Due to the cumbersome nature of the European Union, it isn’t a surprise that Brussels has been extremely unhurried to take steps towards the crypto asset regulations. There has been no shortage of committees to make important crypto decisions and consider recommendations. This doesn’t mean that the crypto industry has been unregulated. Due to the absence of European Union regulations, individual nations under the European Union have set regulations of their own. Not all of these local measures have been positive for the crypto industry.
If we talk about the Netherlands, the Authority for the Financial Markets has asked the governing body to not allow the anonymous trading and exchange of cryptocurrencies. Only regulator-licensed individuals are allowed to participate in the crypto industry of the country. This has largely limited the crypto industry to a small number of licensed individuals.
In Bulgaria, the local tax authority has been into investigating the crypto trade. The tax authorities are planning to collect 10% of the profits derived from the investments made in the crypto sector. Another important issue is that the tax authority’s have already placed tremendous regulatory pressure and expenses on industry actors which could damage the crypto sector in the nation.
The tiny nation, Liechtenstein has been punching above its weight when it comes to blockchain technology. The “Blockchain Act” of Liechtenstein was announced in spring last year.

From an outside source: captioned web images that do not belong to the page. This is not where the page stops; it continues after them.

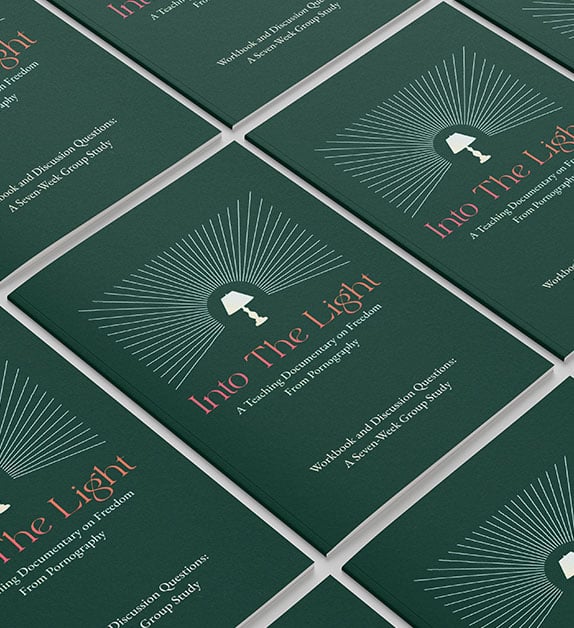 Into The Light Workbook Into The Light Workbook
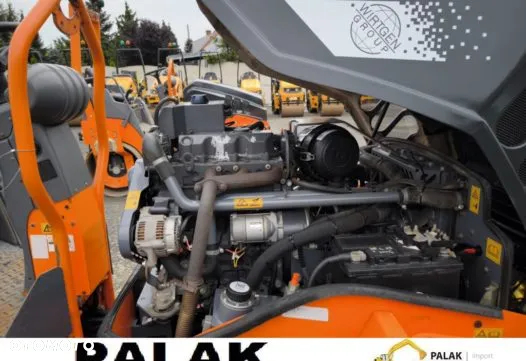 Hamm Walec Hamm HD 12  , 2018  rok - 14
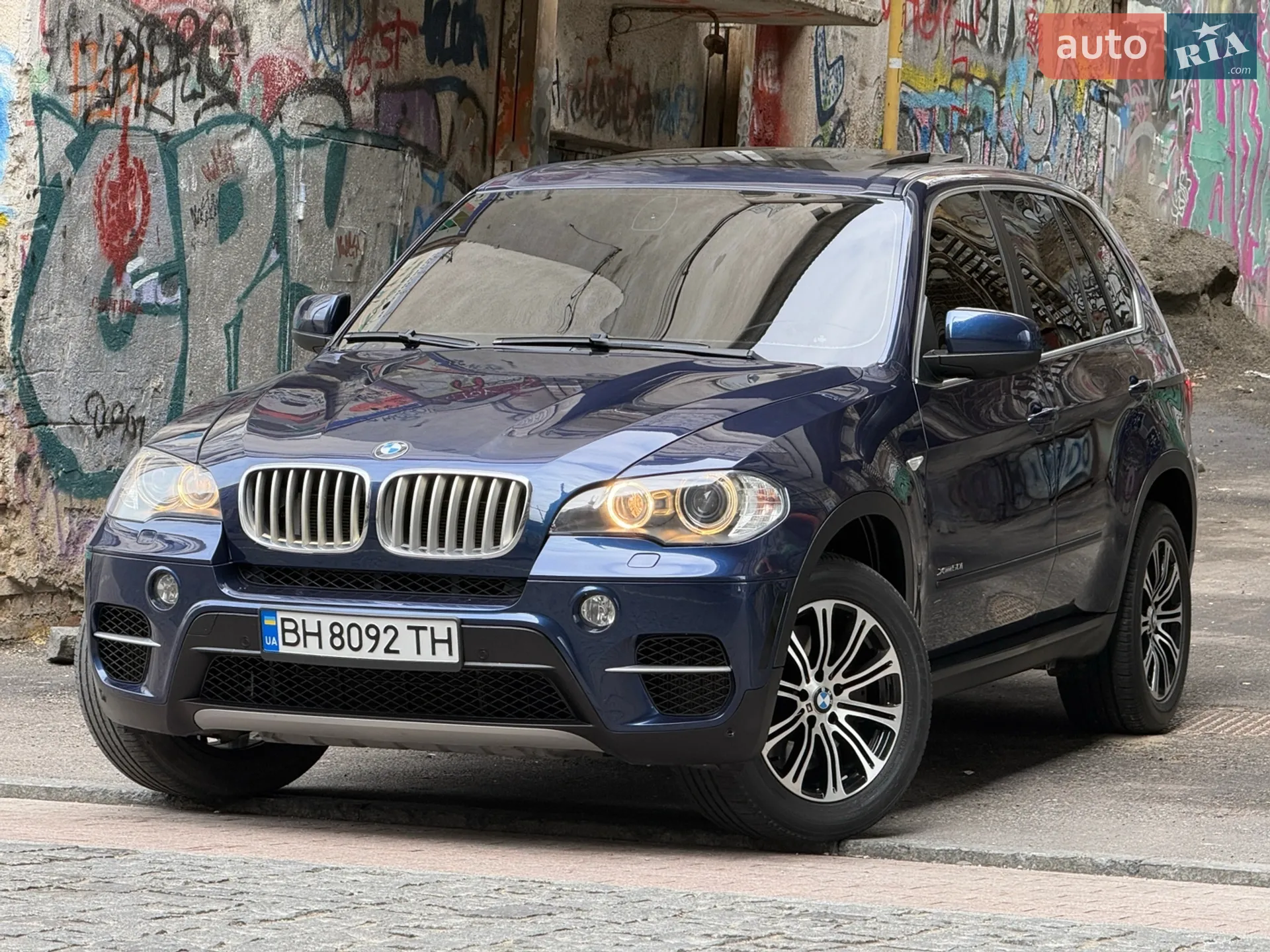 2010 BMW X5 - мініатюра 11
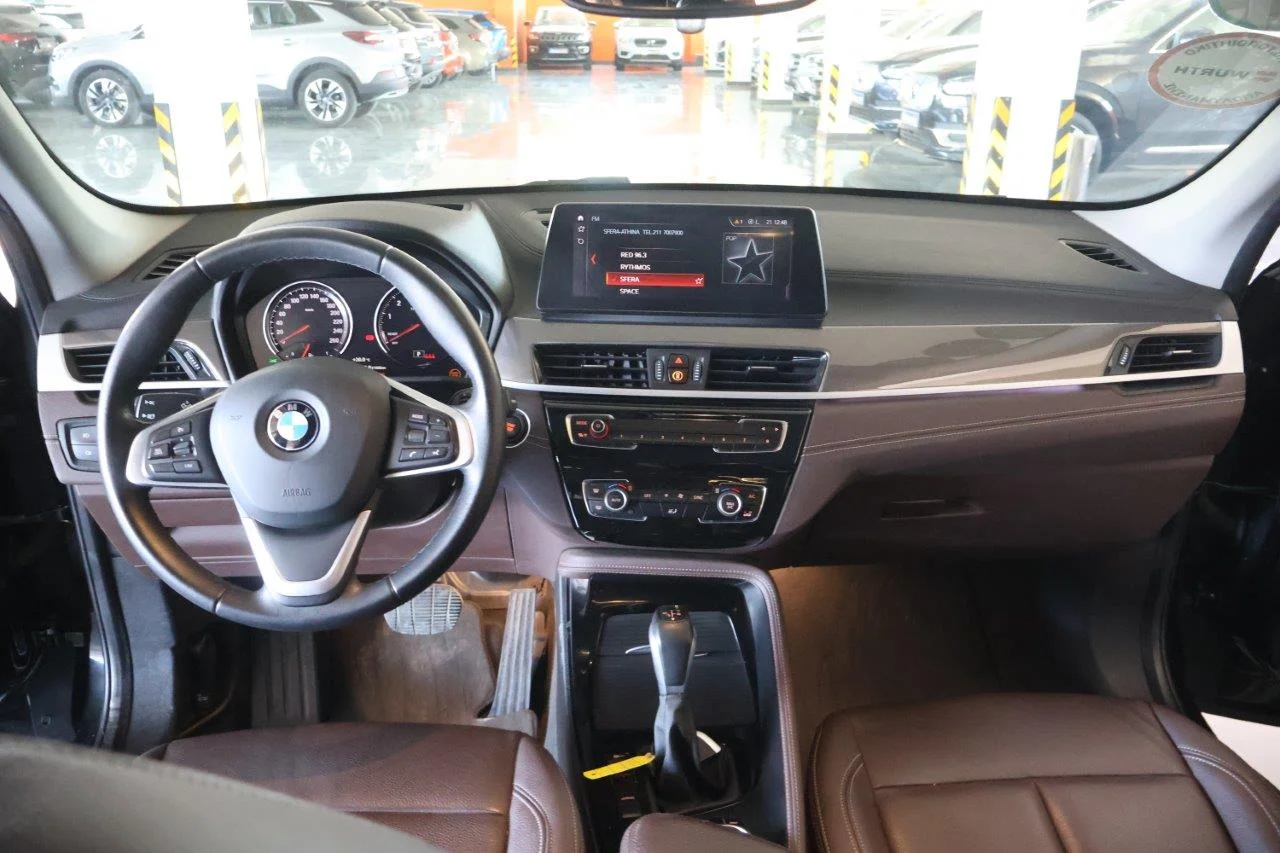 Bmw X1 - View model 19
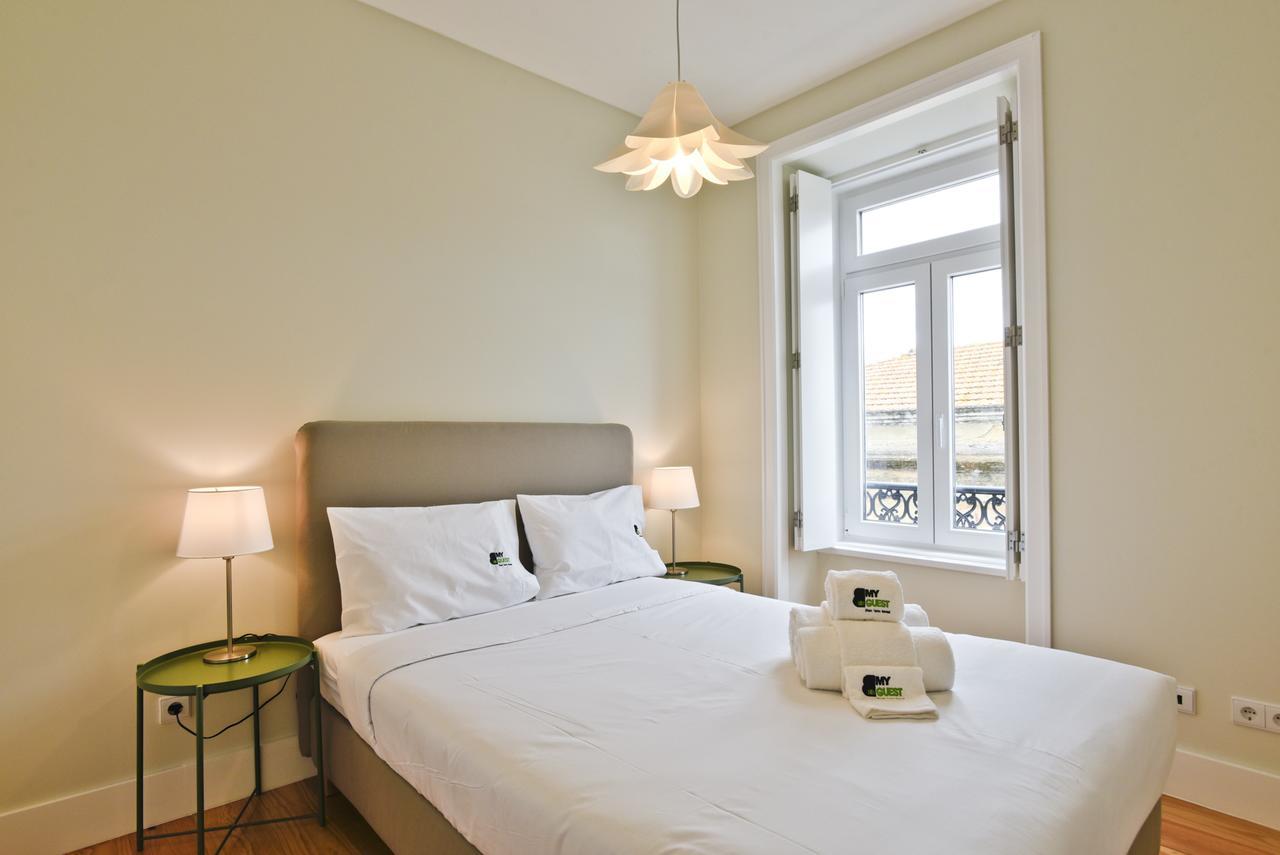 Bmyguest - Arroios Cosy Apartment Lisboa المظهر الخارجي الصورة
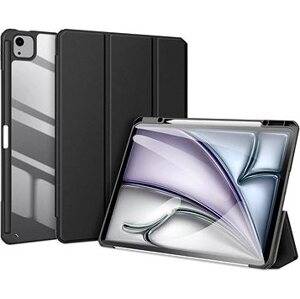 Dux Ducis Toby pre iPad Air 13" 2024/iPad Pro 12,9" 2018 – 2022, čierne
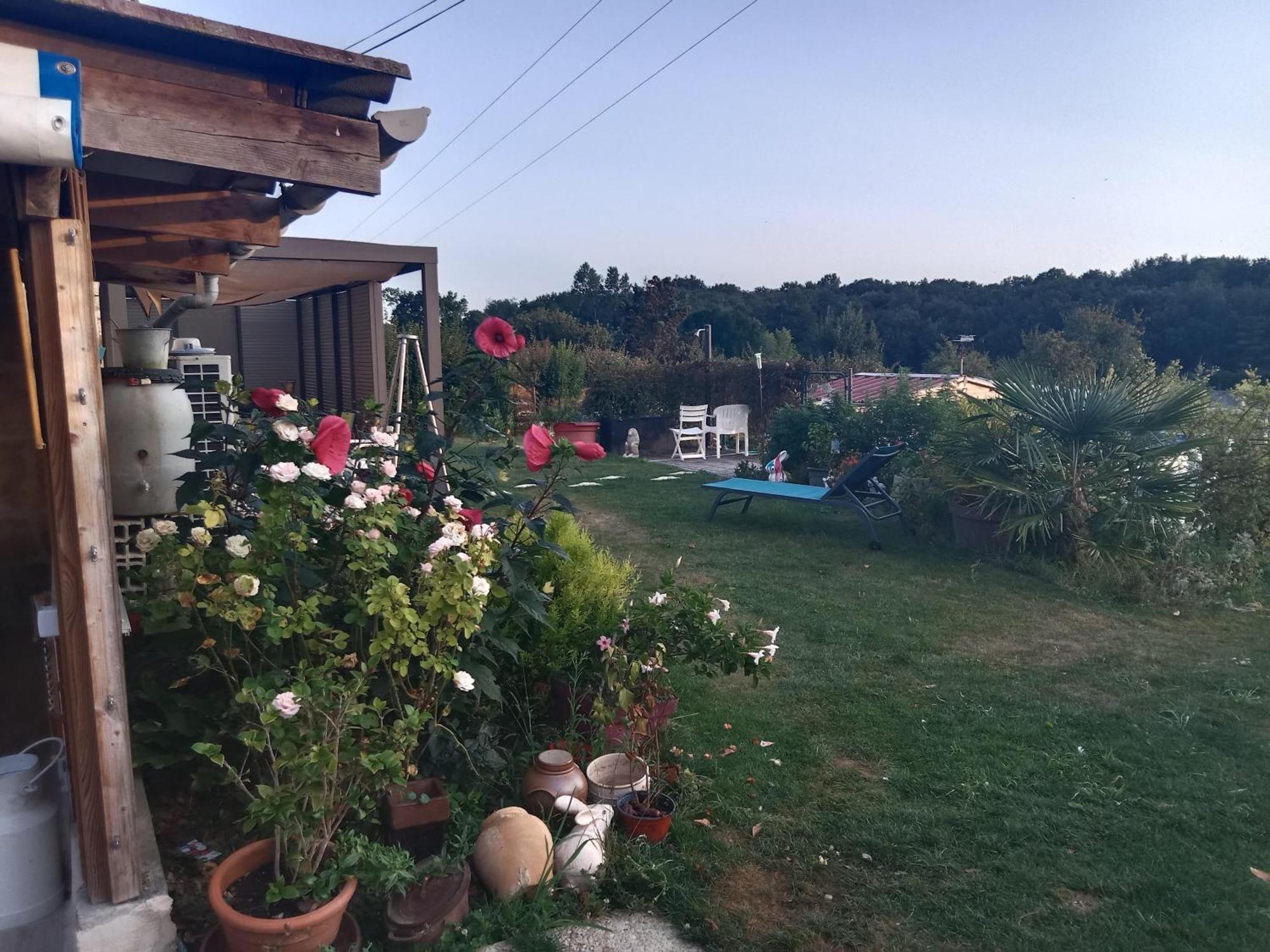 Le Logis Du Bouil Bed and Breakfast Champagne  Buitenkant foto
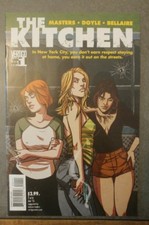 The Kitchen 1 by Vertigo Comics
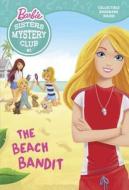 Sisters Mystery Club #1: The Beach Bandit di Tennant Redbank edito da RANDOM HOUSE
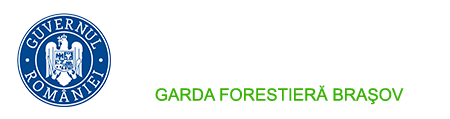 Garda Forestieră Brașov Logo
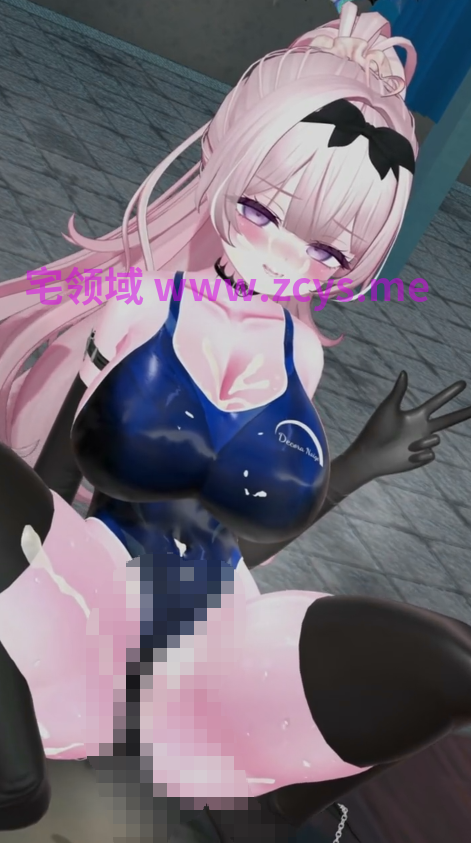 [春羽しか] 【R18動画】モーモーチャイナマッサージ部 ～心情代弁あまあま密着マゾ責めでコリをほぐしてもらうお話～【2V 304MB】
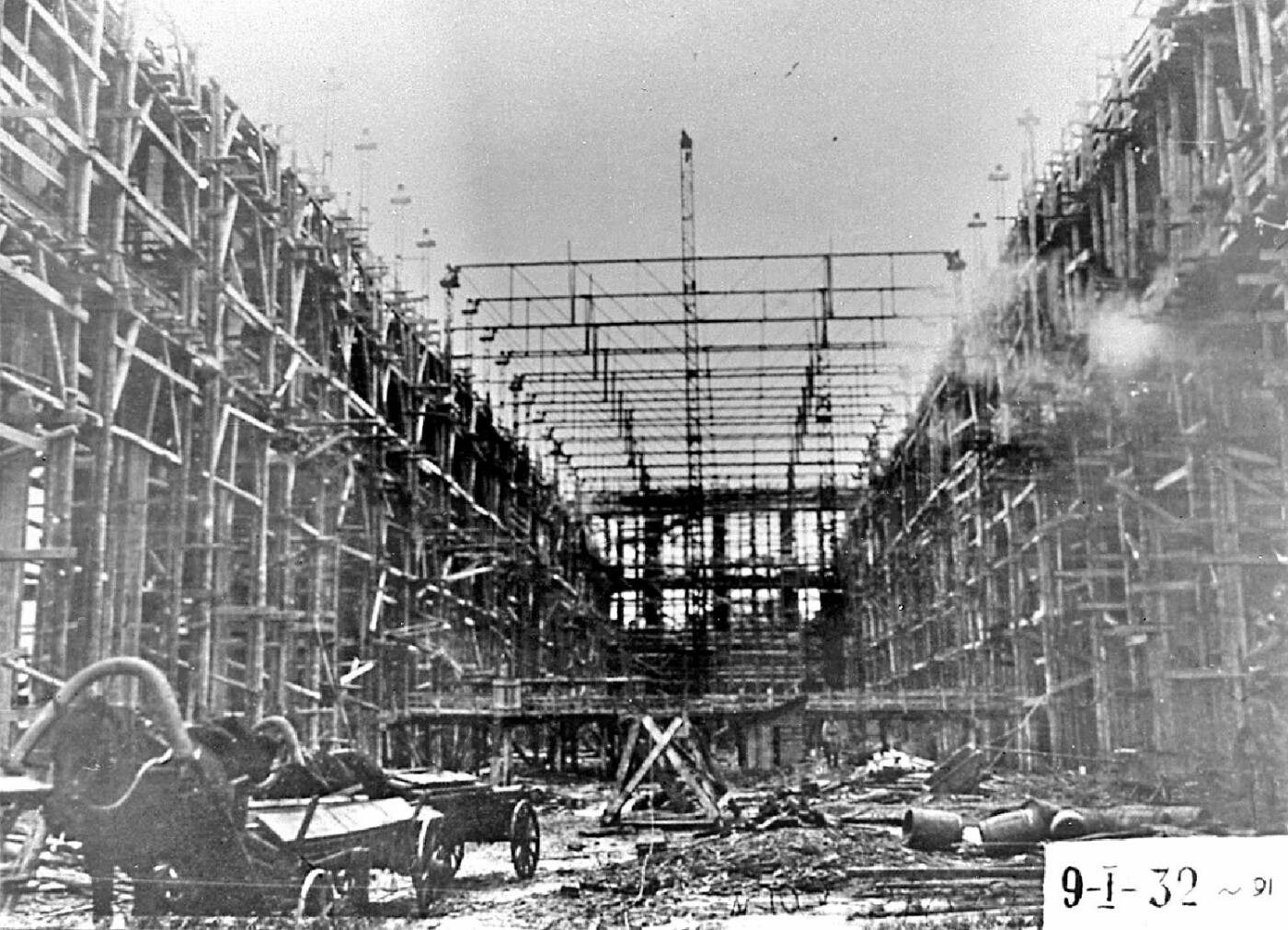 История мощнейшего харьковского завода. От изготовления ор..., фото-3 История мощнейшего харьковского завода. От изготовления оружия до восстановления города, - ФОТО, фото-3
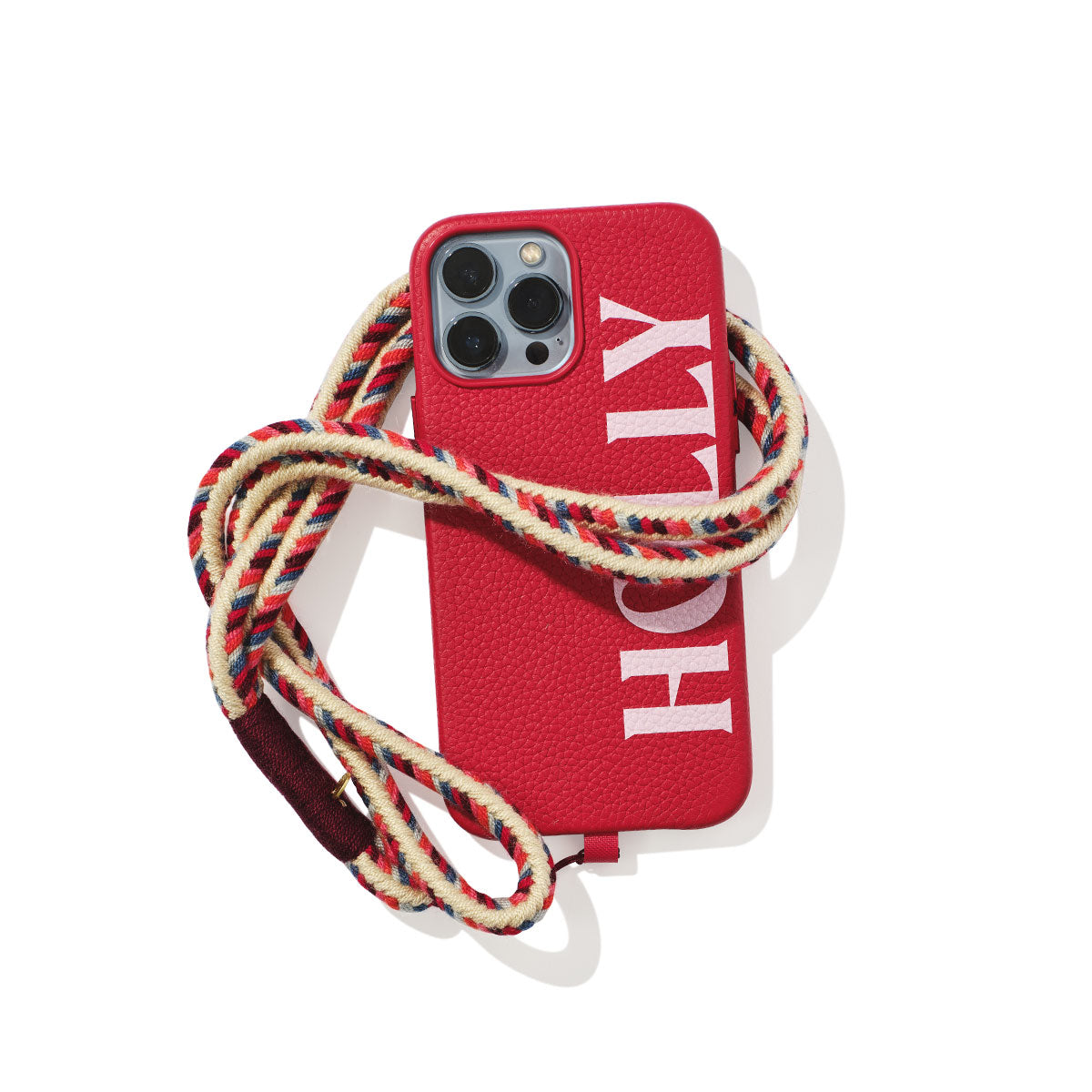 Woven Phone Ropes – Not Another Bill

This Act set clear rules for the blockchain technology and the firms which used the technology.
Liechtenstein will not be regulating cryptocurrency itself but it would be regulating the flow of crypto assets which includes tradeable security tokens. This law could make the tiny nation a centre of innovation for the blockchain community.
Across the continent of Europe, the cryptocurrency markets of Malta and Switzerland have for long been considered as the most vibrant. Unlike the other EU nations, which are always a step behind when it comes to innovations, Malta has decided to design their nation into a “Blockchain Island”. Malta will be the first legal jurisdiction in the world to provide full regulatory coverage to blockchain technology.
Switzerland has been positive and progressive towards the crypto sector. Switzerland has taken upon itself to lead the crypto innovation and revolution in Europe. The country has been home to Zug, which is a blockchain valley that acts as an incubator for new blockchain firms. The government of Switzerland has taken a creative approach to the crypto regulation, by the adoption of the existing financial laws which are needed for the blockchain sector. A draft proposal has been expected in the first quarter of this year.